Schwab’s second quarter of 2015 was actually pretty good. The company produced a six-percent comparable gain in sales to $1.57 billion with a nine-percent gain in earnings to $353 million.

The company’s most recent quarter represented its best ever for net client asset accumulation at $37.0 billion on a 16% increase in newly opened client accounts—which is telling in itself.

Earnings Roundup So Far

Delta Air Lines, Inc. (NYSE/DAL) and UnitedHealth Group Incorporated (NYSE/UNH) beat the Street with their bottom lines.

Global businesses are no doubt dealing with currency issues. And that’s having a material effect on their financials.

What there isn’t (so far) is robust sales growth. It’s still a slow-growth environment and companies, through strong cost control and hoarding, are able to maintain their earnings while keeping shareholders relatively happy with dividends and share repurchases.

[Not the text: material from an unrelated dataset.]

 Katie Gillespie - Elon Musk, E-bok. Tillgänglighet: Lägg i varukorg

In terms of share price performance, this is a business strategy that has seemingly worked for large corporations. Bold new investments in plants, equipment, and employees continue to be a rarity.

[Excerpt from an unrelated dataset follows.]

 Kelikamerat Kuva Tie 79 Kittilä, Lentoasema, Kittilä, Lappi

Reminiscent of a marketplace trading on low expectations, Intel Corporation (NASDAQ/INTC) beat the Street with its earnings on a five-percent comparable decline in sales and flat comparable earnings per share. Intel’s stock went up on the news. We’ve seen a lot of this lately.

Last year, the equity market went up on expectations that the Federal Reserve was going to raise interest rates. The thinking was the Fed would only do so if the economy could handle it.

Once again, I believe sentiment is strong enough for this to play out again later this year. The first rate hike could very well be the catalyst for a fourth-quarter rally. (See “Stock Market Crash 2015: Is it in the Cards?”)

With fairly robust corporate outlooks and Wall Street earnings expectations for 2016, I wouldn’t be surprised if stocks play out like this going into 2016. Sideways trading action until a fourth-quarter rally is possible going into next year.

In any case, sales growth is not robust. And while companies are doing everything they can to maintain their earnings, top-line improvement is the only way for corporate earnings, and therefore the stock market, to be securely in a secular bull market.